I have just spent a wonderful weekend with my wife, where we went to London to take in a show, share a meal and then do that thing that all parents love to do when they get some time alone - sleep later than 5.30am. We saw, and saw that it was gurrrd.
During our little excursion (which she had arranged as a surprise for me - wonderful woman), we were able to enjoy thinking about our life as we presently find it. We were married for a decade before The Twins Aculae made their appearance, so we are very comfortable being together as a couple, and are able to look at what we enjoy now as is distinct from when it was just the two of us. It was a fabulous and an all-positive conversation.
It followed hard on the heels of something that struck me a little while ago. My mum came to stay with us over Christmas, and then she went home. In years gone by, my nan used to have Christmas with my mum and whoever else was around, and then she went home. The mother-in-law visits, and then goes home. All of these people go home to be alone in an empty house. All of these people have known fuller houses, homes with marauding kids, too much to do and too little time. Now they live alone, or lived alone in the case of my beloved nan is who is no longer on this earth.

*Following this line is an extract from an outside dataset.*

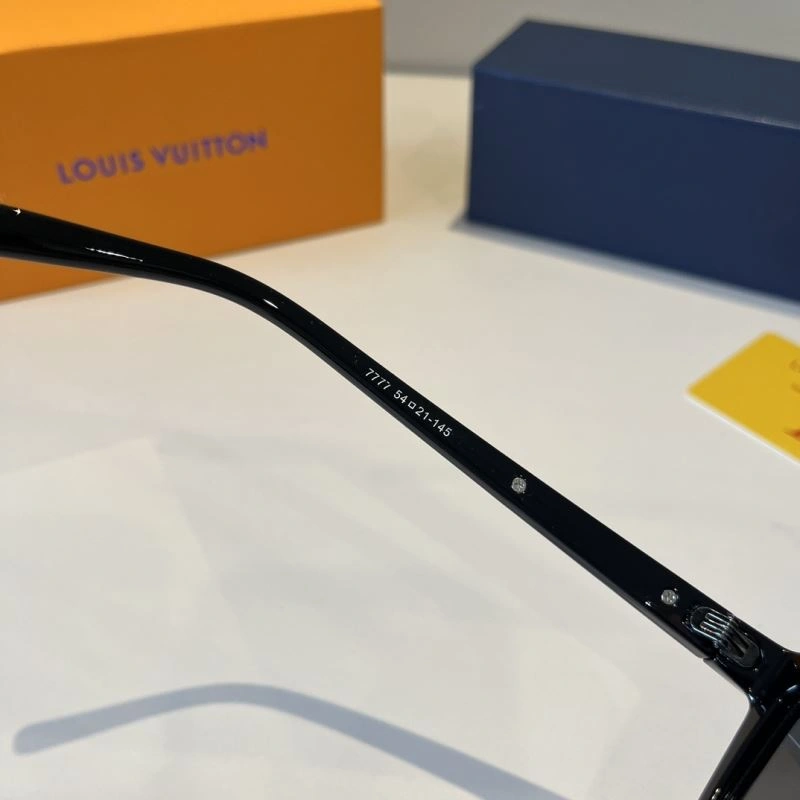 Louis Vuitton Sunglasses Thermal 280803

My current life is one of a parent with young kids battering around the place making their noise and mess. It is just wonderful! I am fast discovering that one of my own greatest fears is that time, perhaps, when no-one with whom I spend my life now is still with me. The kids will inevitably fly the nest, and I might survive my wife. It is a difficult prospect - that of being alone, yet at least half of us are destined to experience it at one level or another. I am not afraid of death, but I am afraid of being alone and being alive.
Being alone is not, per se, a bad thing - when it is chosen (in my own opinion). I enjoy my own company; it provides me some relief from a public ministry or a high-speed high-octane lifestyle that parents to young children will know all about. I try hard to put myself in my mum's shoes at times - more especially when she has been with us for a while, having to return to an empty house, mit moggy. It seems somehow unjust that, having given us all a home and safety, warmth and sustenance that she should seem to be abandoned to being alone after dad did the disgraceful thing and died. Maybe she doesn't see it that way, I don't know.
I minister to the recently 'aloned' - those dear people whom I encounter at the point of arranging a funeral. The thing that affects me most is their own fear of the future being alone. As I have heard said, and with which I often agree - comedy is funnier with someone else to laugh with; a meal tastes better; a walk is so much more enjoyable; recalling the day's silliness more meaningful; sharing story or a joke, or an observation of something beautiful more pleasurable. I feel for those people once the service and wake are over, the family and well-wishers gone, and then the same room with the same familiar things, with someone missing.